I don't keep real detailed notes anymore, but here is what I used for the cherry mead.
I usually use about 5 lbs. cherries per gal. this time:
29 lbs pie cherries This was started in March so cherries have been in the freezer since June. More cherries give more flavor. I pit the cherries after I pick them. Don't get all the pits, but there is a bitter taste that you get with the pits.It does seem to go away with time, tho. Also, I put fruit in a ferment bag. Much easier to remove when done fermenting it.
K- meta and wait 12 hrs or so before pitching yeast.
6 gal. water
2 1/2 tsp. bentonite sprinkled in after first 3 gal. water.
1 gal. honey.
Added enough sugar to bring s.g. up to 1.090 or so.
Add tannin if you like, I didn't this time and usually don't with cherry.
pitched yeast, think I used cotes de blanc- Red star.
Put in 1/2 the nutrient and yeast energizer after the ferment takes off. Nutrient and energizer according to label on pkg.
Add the other half when s.g. was down to 1.060
This was fermented pretty cool, my basement temp. was only 55 degrees.
No problem if it is warmer, If it was later in the season, the temp. will be up in the 70's and that is where I will ferment.
The rest of it is like I do with most of my wines
Pull the fruit bag about 1.005 or so. Maybe squeeze it a bit.
I usually let them ferment dry in the primary bucket.
Rack to carboy
Let it sit for a while til it drops the gross lees and starts clearing a bit. Maybe a couple of weeks, maybe a couple of months.
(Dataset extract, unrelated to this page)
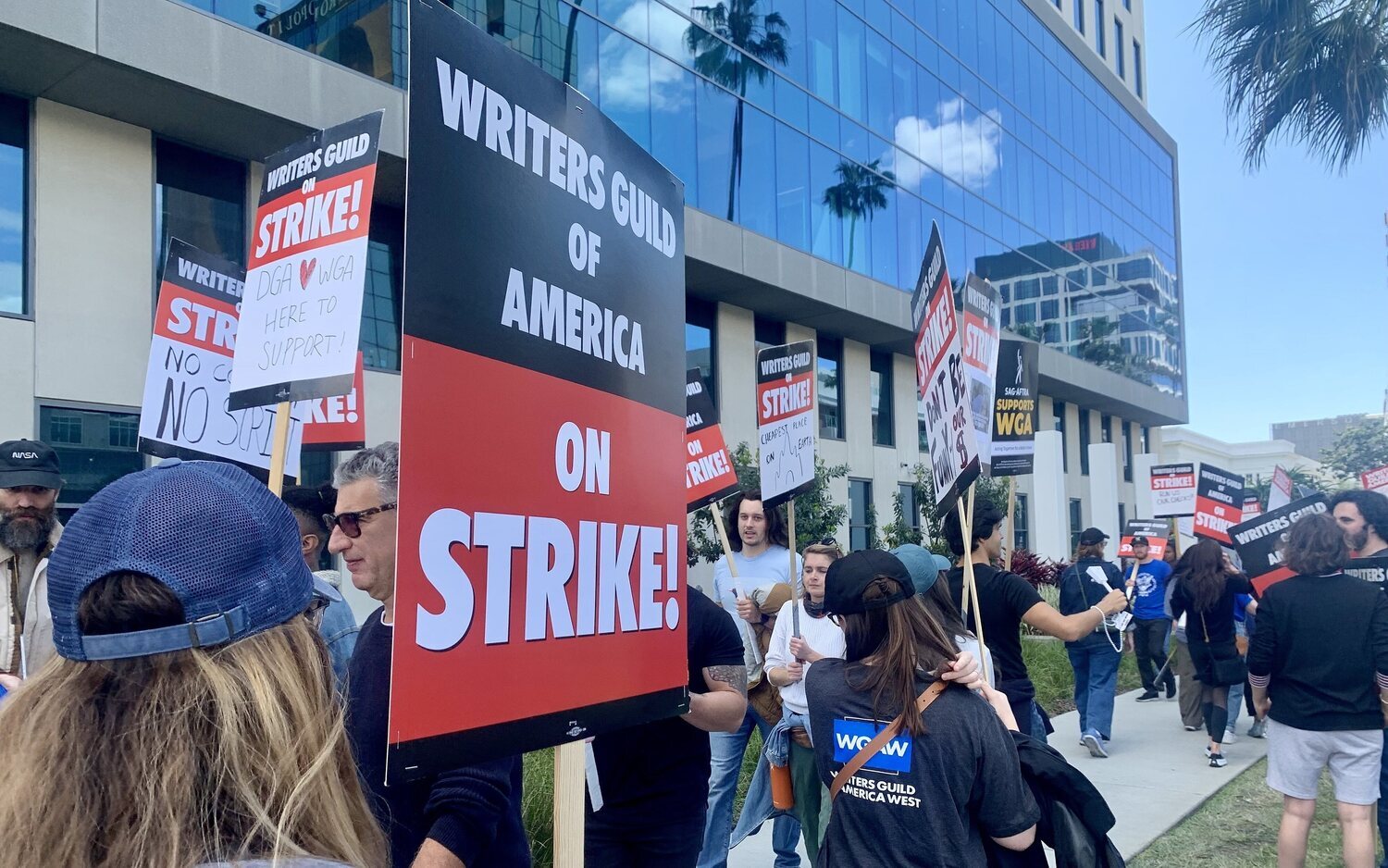 Guionistas protestando frente a las oficinas de Netflix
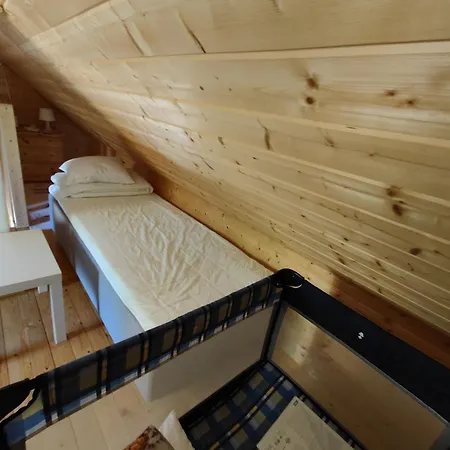 Chalet Lomamoekki Seitsemisen Kansallispuiston Laehellae *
Rack and k-meta, let it sit with an airlock.
More lees? rack after a while, weeks or months, more k-meta after 3 months or so
Eventually it falls totally clear, if not you can hit it with finings to force it to clear.
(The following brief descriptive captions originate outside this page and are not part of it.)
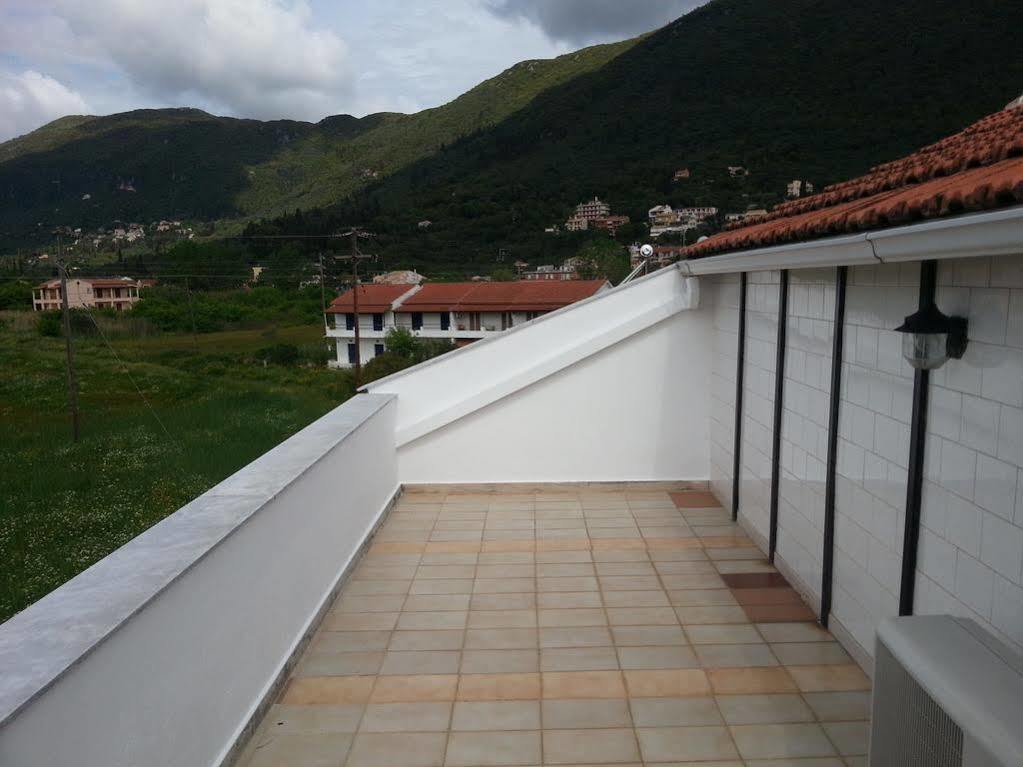 Marilena Apartments & Studios Ipsos Luaran gambar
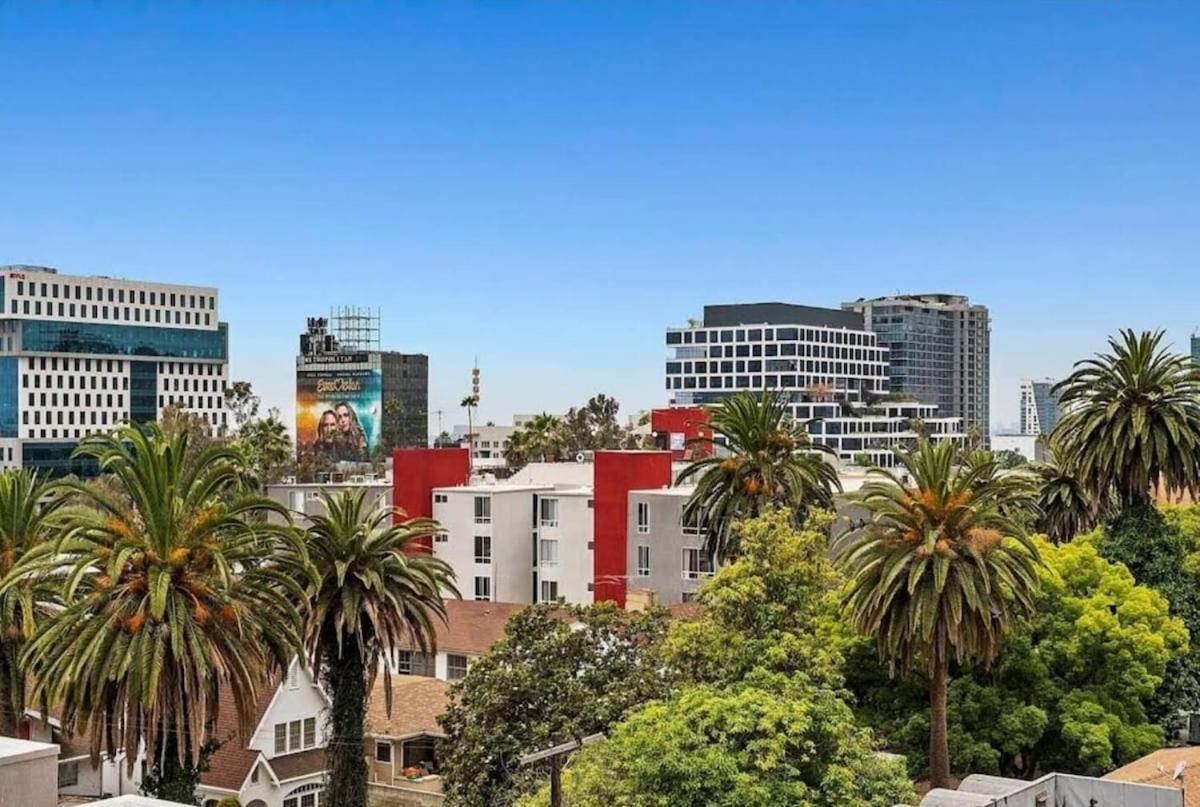 Hollywood Heights 2br With Rooftop Pool And Stunning Views Apartment *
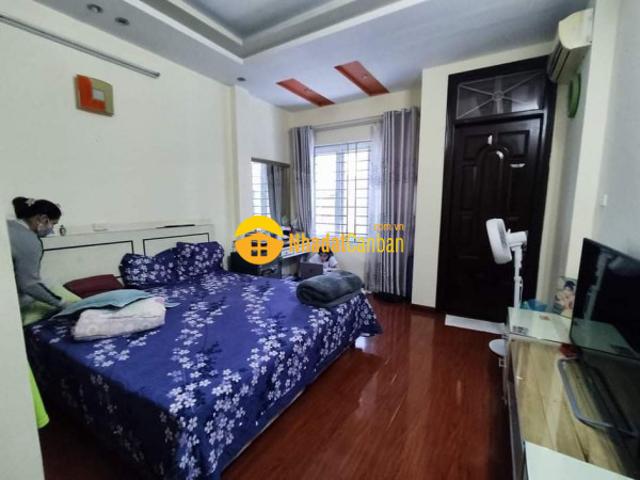 Nhà mặt phố bán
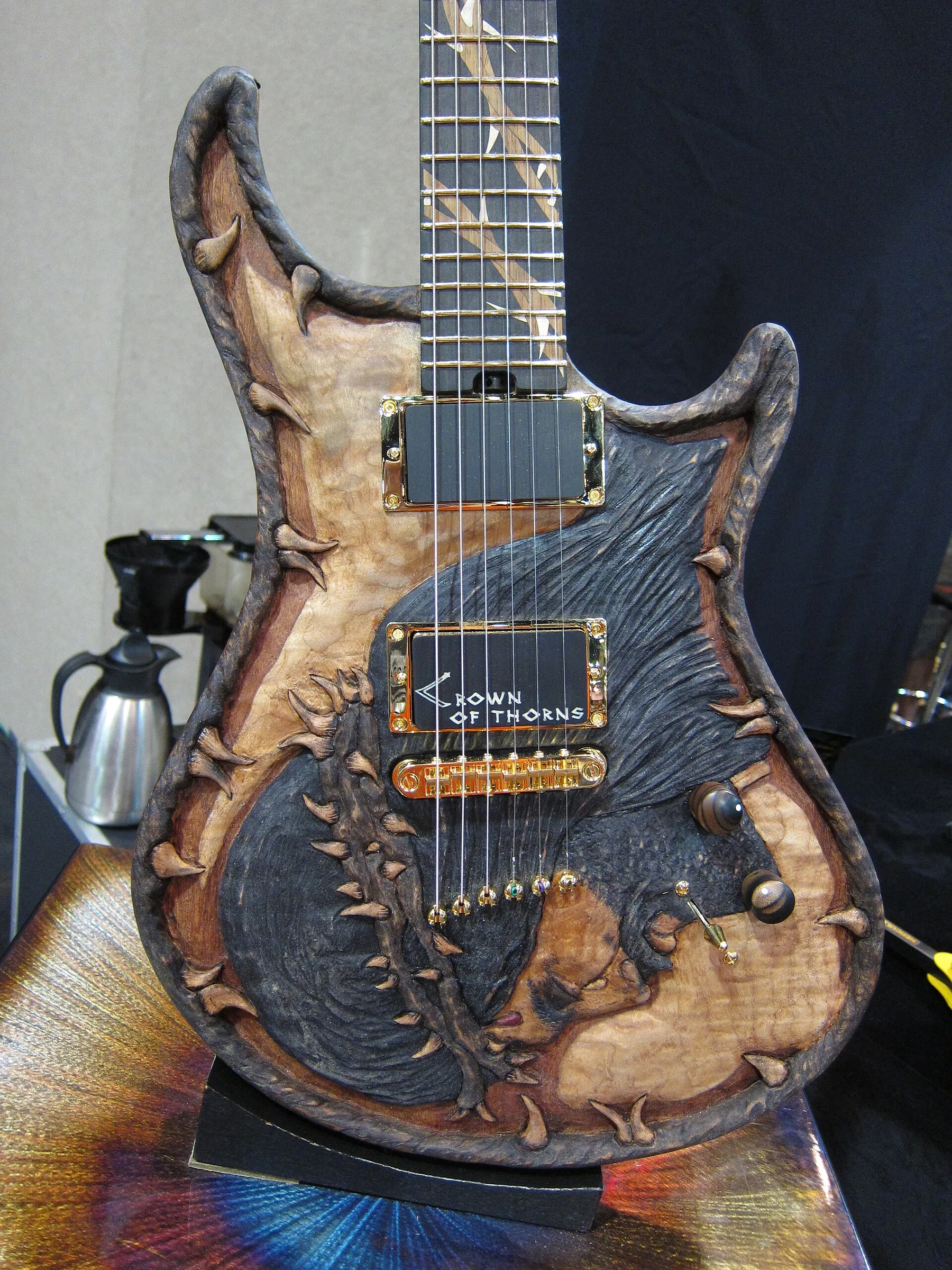 Guitare sculptée sur support noir Guitare sculptée sur support noir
I usually just let it clear on its own. Over the winter here they don't clear very good with my cold basement, but in the spring when it warms up they tend to degass and clear pretty fast.
Don't forget to taste test a bit along the way.
It will probably need some sweetening, I just sweeten it to taste, don't forget to stabalize it along the way if you sweeten it before bottling. I usually stabalize it, let it sit for a while, sweeten and let it sit to make sure it doesn't take off again, then bottle.
Good luck with it, any questions, just whistle. I'll try and help. Arne.
forgot the pectic enzime. Put it in 12 hours after the origonal dose of k-meta, wait about a day or so and pitch the yeast. Helps in clearing.